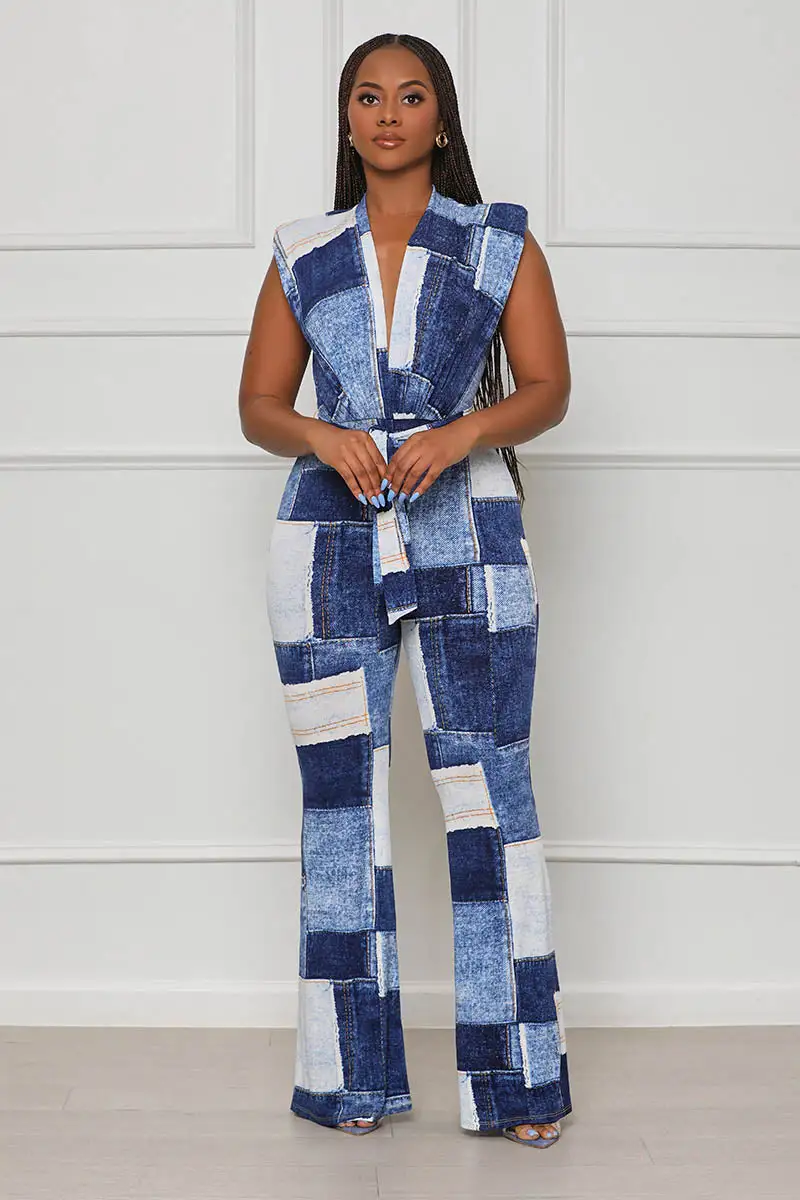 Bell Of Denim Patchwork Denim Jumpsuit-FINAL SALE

□ □ □ □ □ □ □

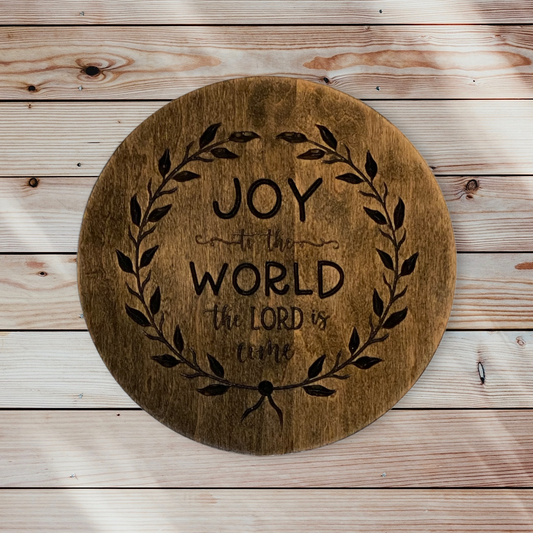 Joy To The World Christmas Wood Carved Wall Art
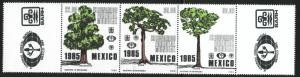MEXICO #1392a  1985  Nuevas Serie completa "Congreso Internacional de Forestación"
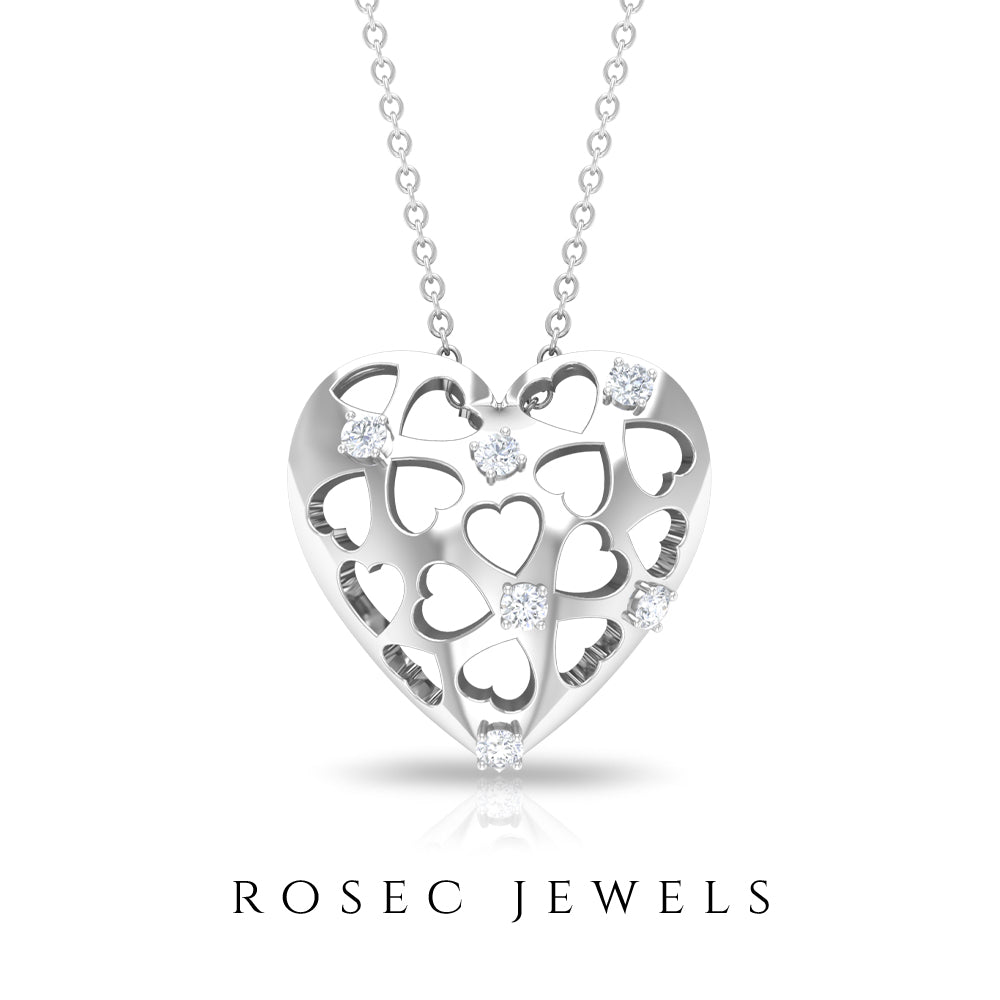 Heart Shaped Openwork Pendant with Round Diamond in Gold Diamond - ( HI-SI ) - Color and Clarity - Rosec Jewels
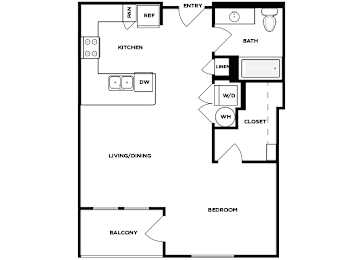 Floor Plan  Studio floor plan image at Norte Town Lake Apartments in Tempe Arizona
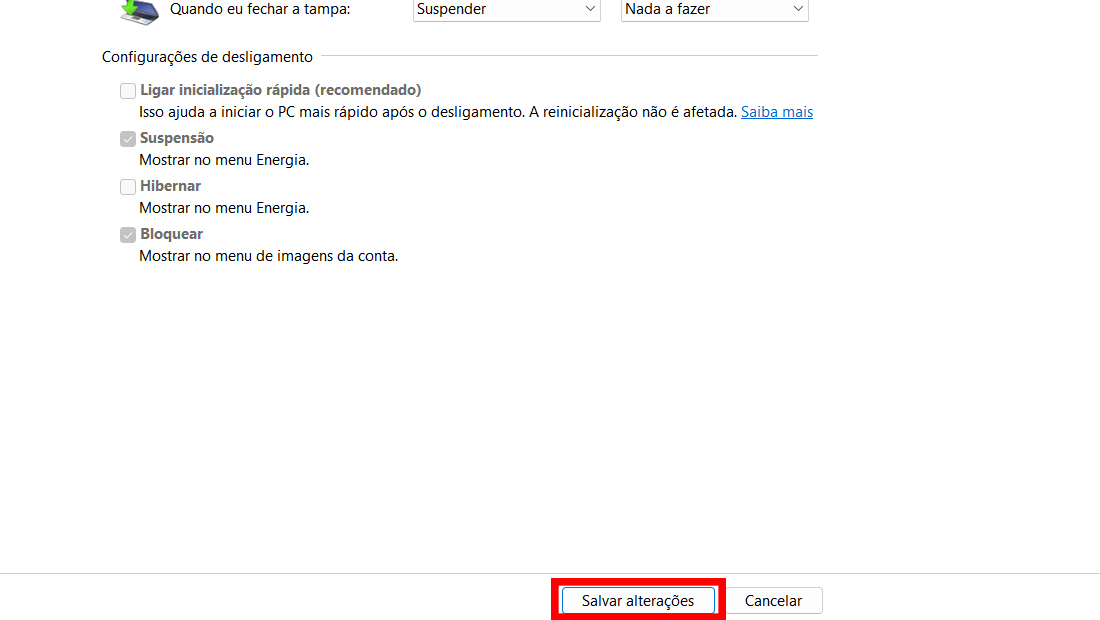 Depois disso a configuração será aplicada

□ □ □ □ □ □ □

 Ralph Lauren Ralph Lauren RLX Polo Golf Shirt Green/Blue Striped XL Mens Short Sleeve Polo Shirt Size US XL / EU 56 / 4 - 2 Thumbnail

□ □ □ □ □ □ □

### Try it
Copy only what lies between the line with "Nuevas Serie completa" and the line with "Depois disso a configuração será aplicada", those two lines included, exactly as given above; pictures stay out.

### The completed task
MEXICO #1392a  1985  Nuevas Serie completa "Congreso Internacional de Forestación"
 Heart Shaped Openwork Pendant with Round Diamond in Gold Diamond - ( HI-SI ) - Color and Clarity - Rosec Jewels
 Floor Plan  Studio floor plan image at Norte Town Lake Apartments in Tempe Arizona
 Depois disso a configuração será aplicada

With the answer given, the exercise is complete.